With nearly $107 million in contributions, the committee almost doubled the previous fundraising record, set by Barack Obama’s inaugural committee in 2009. Trump’s inauguration, like many before it, was financed by a host of corporations with business before the federal government.

White House press secretary Sean Spicer rejected suggestions that inaugural donors might receive favorable treatment from the administration.

“I think funding the Inaugural Committee has pretty much been a nonpartisan activity that is going back every administration,” Spicer told reporters on Wednesday.

Haney’s donation came by way of HFNWA LLC, an Arkansas company that he has used to make just one other federal political contribution: a $1 million donation in 2014 to Senate Majority PAC, a Democratic super PAC.

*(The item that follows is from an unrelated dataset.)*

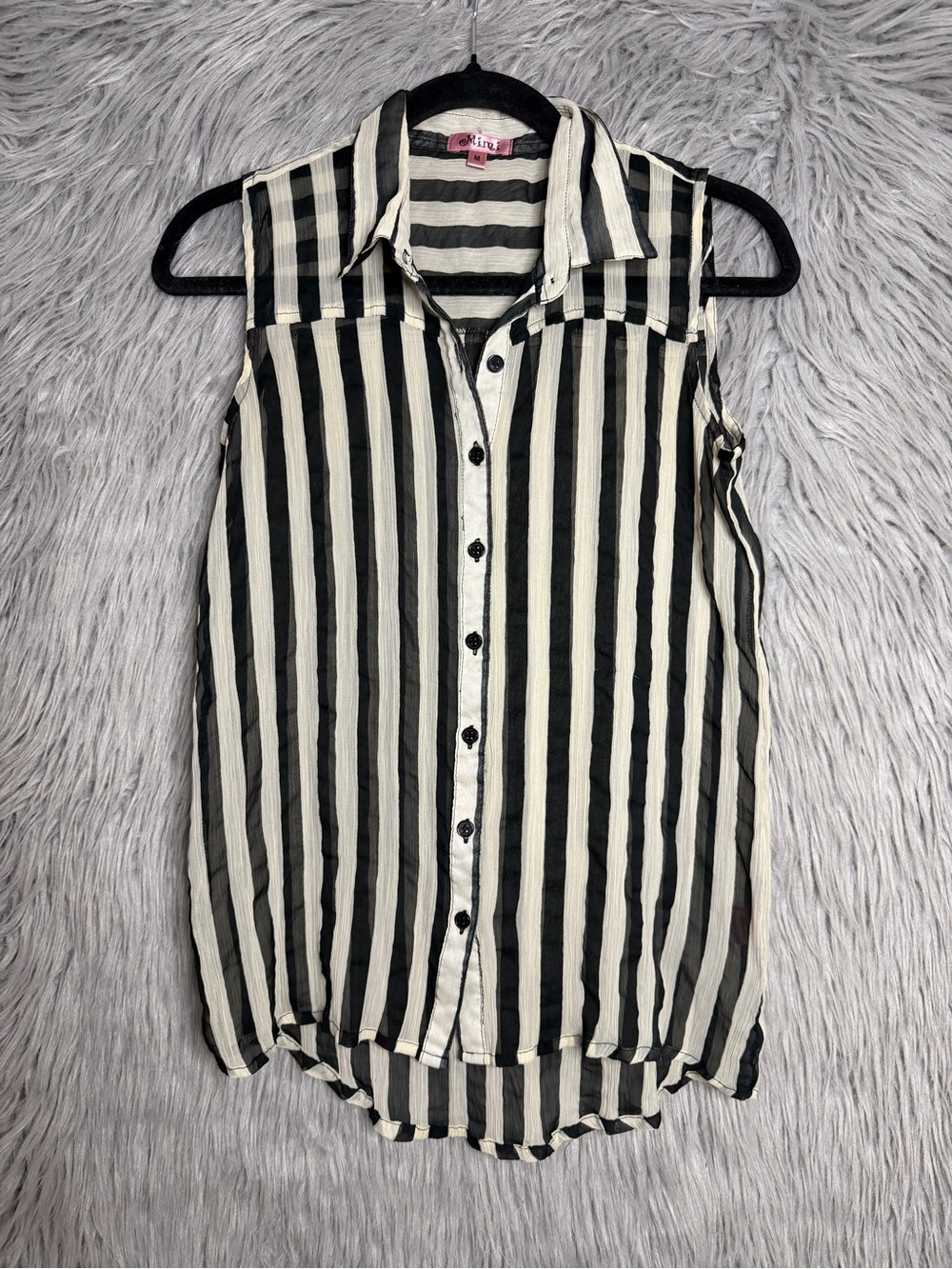 Sleeveless Vertical Stripe Button-Down Shirt - Black & Cream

Haney personally made two other million-dollar contributions during the previous cycle, to Democratic super PACs Priorities USA Action and Majority PAC. He has given more than $2.3 million to Democratic candidates and party organs, according to Federal Election Commission records.

In light of that record, his contribution to the inauguration stuck out. He did not donate to Trump during the presidential campaign, setting him apart from other major inaugural donors such as casino mogul Sheldon Adelson and Chicago Cubs co-owner Marlene Ricketts.

His ongoing private financial activities could be a clue. Haney chipped in for the inauguration only after embarking on a business venture that would require favorable treatment from Trump administration regulators.

Haney’s company did not respond to multiple messages left with its Washington and Chattanooga offices.

A week after the 2016 election, Haney won the right to buy the defunct Bellefonte nuclear power plant in Hollywood, Alabama, from the Tennessee Valley Authority. He paid $22 million up-front and will put up another $89 million upon closing.

His donation to Trump’s inauguration came about a month later, on December 23.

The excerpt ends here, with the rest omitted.